Work task: Using the records that follow, reproduce exactly the lines starting at the line containing "Happy Turkey Day" and ending at the line containing "Soulen-Framed Giclee Print". Include both end lines and no pictures.

Dataset extract:
== Segment start ==

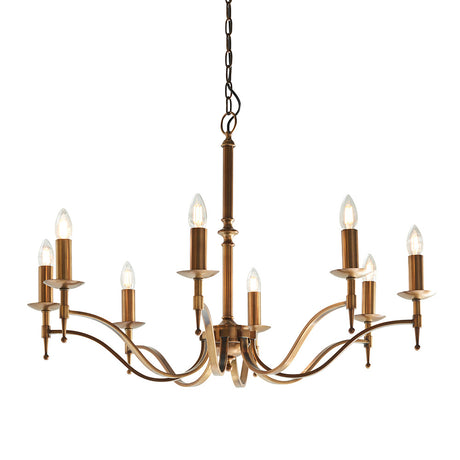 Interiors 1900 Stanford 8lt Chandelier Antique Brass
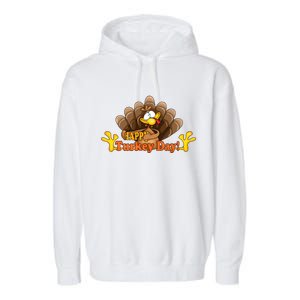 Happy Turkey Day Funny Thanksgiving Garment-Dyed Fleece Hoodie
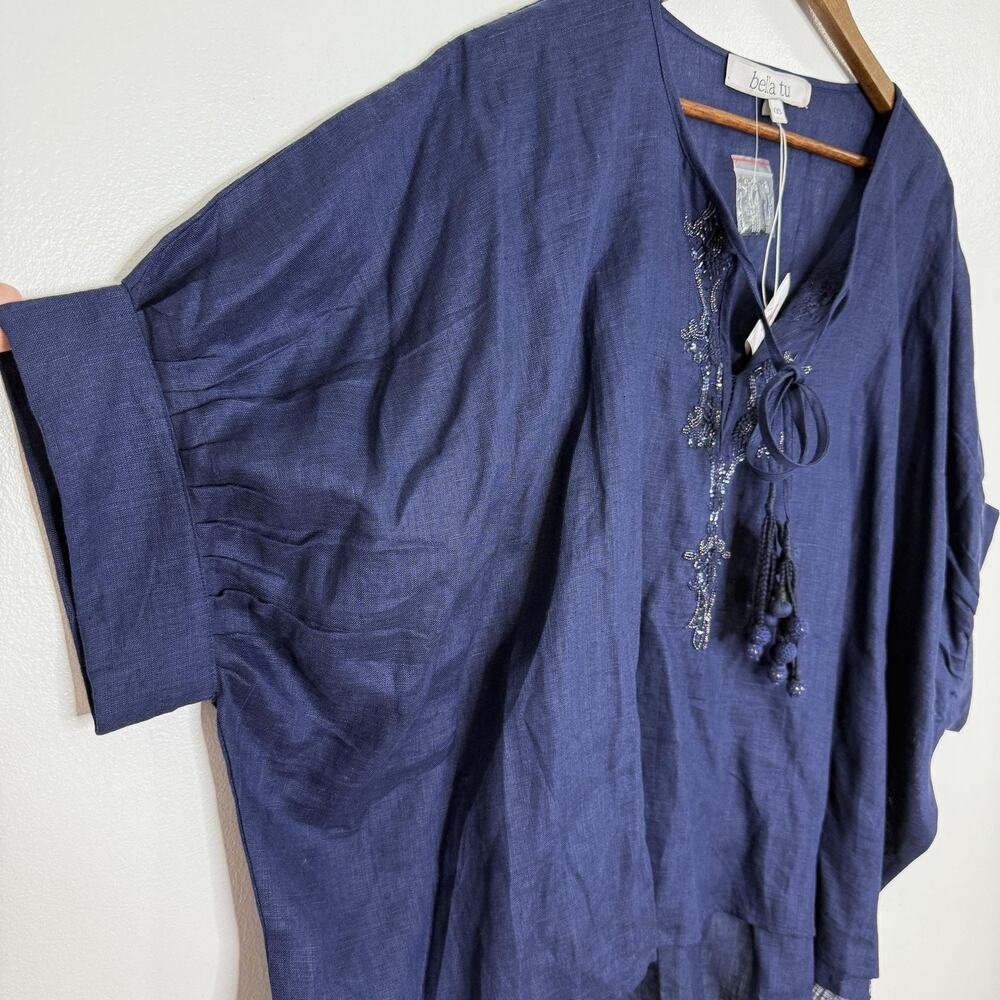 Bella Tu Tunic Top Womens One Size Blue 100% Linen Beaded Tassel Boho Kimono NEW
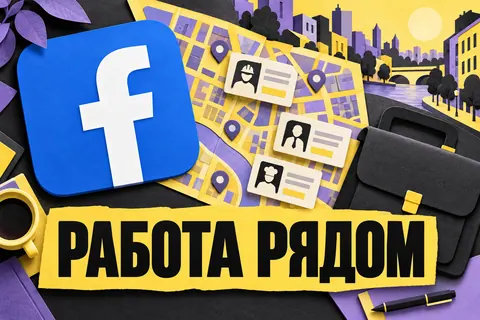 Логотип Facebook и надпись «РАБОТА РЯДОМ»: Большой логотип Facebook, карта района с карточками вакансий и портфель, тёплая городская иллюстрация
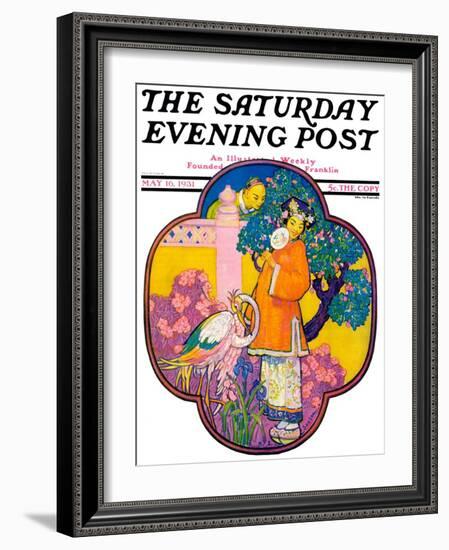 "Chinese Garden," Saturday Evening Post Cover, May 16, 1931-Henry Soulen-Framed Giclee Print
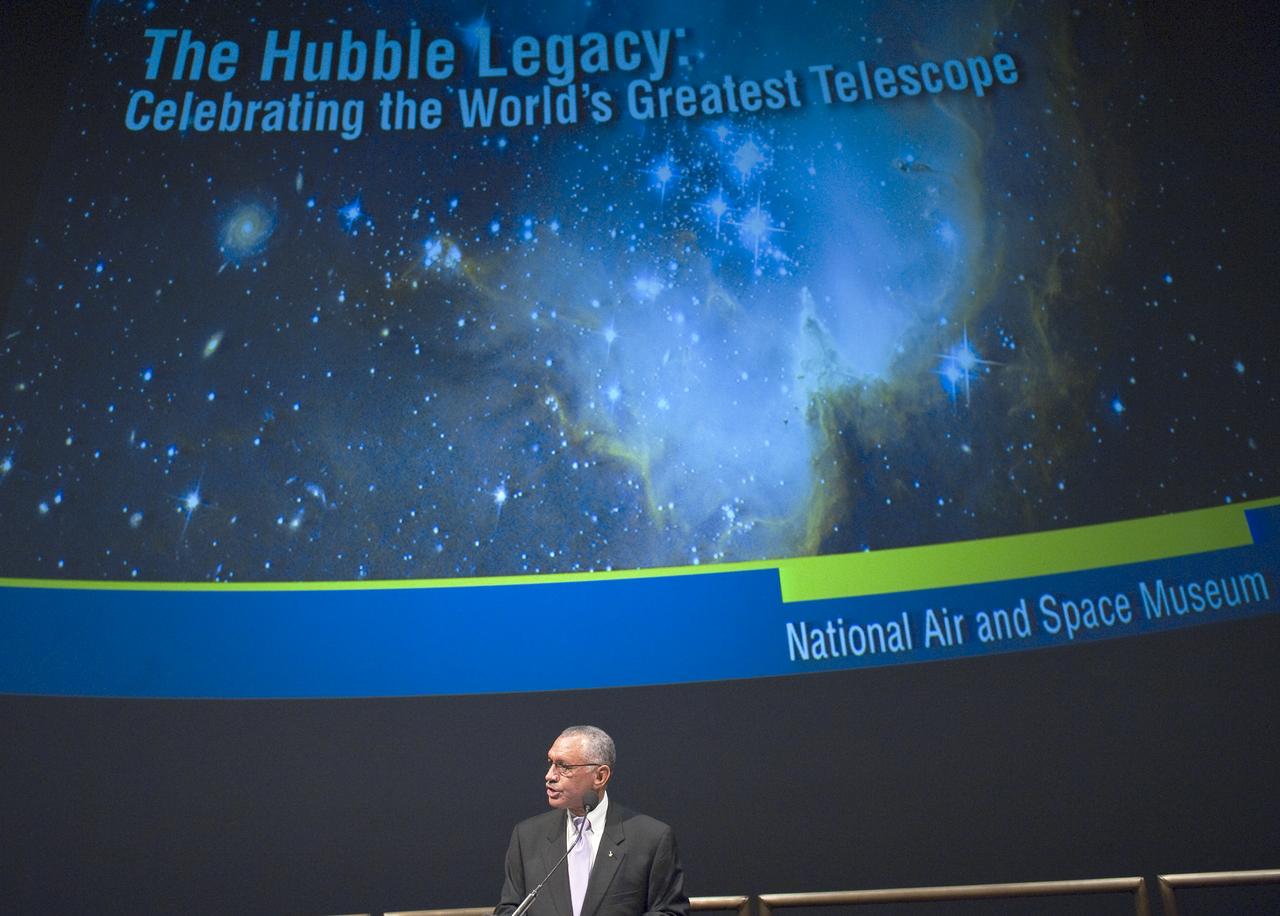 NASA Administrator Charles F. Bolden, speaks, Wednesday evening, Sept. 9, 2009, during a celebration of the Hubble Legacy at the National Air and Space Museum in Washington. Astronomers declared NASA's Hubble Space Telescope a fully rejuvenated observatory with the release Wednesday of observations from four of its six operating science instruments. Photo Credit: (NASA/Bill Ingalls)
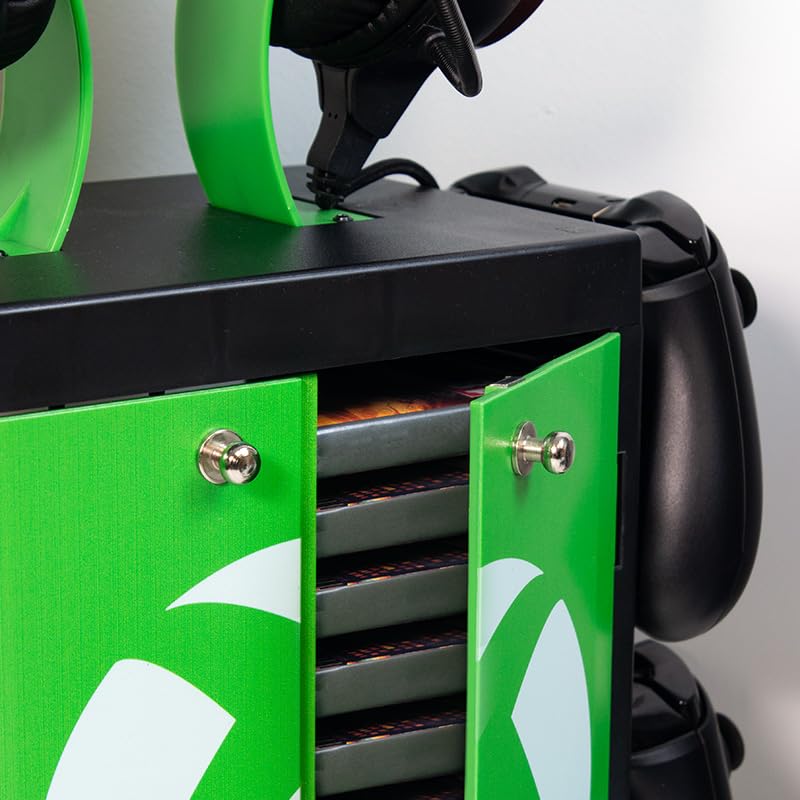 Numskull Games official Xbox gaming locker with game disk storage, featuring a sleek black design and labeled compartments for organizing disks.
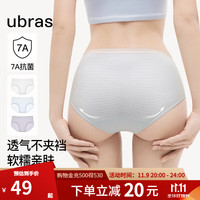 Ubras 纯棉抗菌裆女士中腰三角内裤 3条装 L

== Segment end ==

Answer to this exercise:
 Happy Turkey Day Funny Thanksgiving Garment-Dyed Fleece Hoodie
 Bella Tu Tunic Top Womens One Size Blue 100% Linen Beaded Tassel Boho Kimono NEW
 Логотип Facebook и надпись «РАБОТА РЯДОМ»: Большой логотип Facebook, карта района с карточками вакансий и портфель, тёплая городская иллюстрация
 "Chinese Garden," Saturday Evening Post Cover, May 16, 1931-Henry Soulen-Framed Giclee Print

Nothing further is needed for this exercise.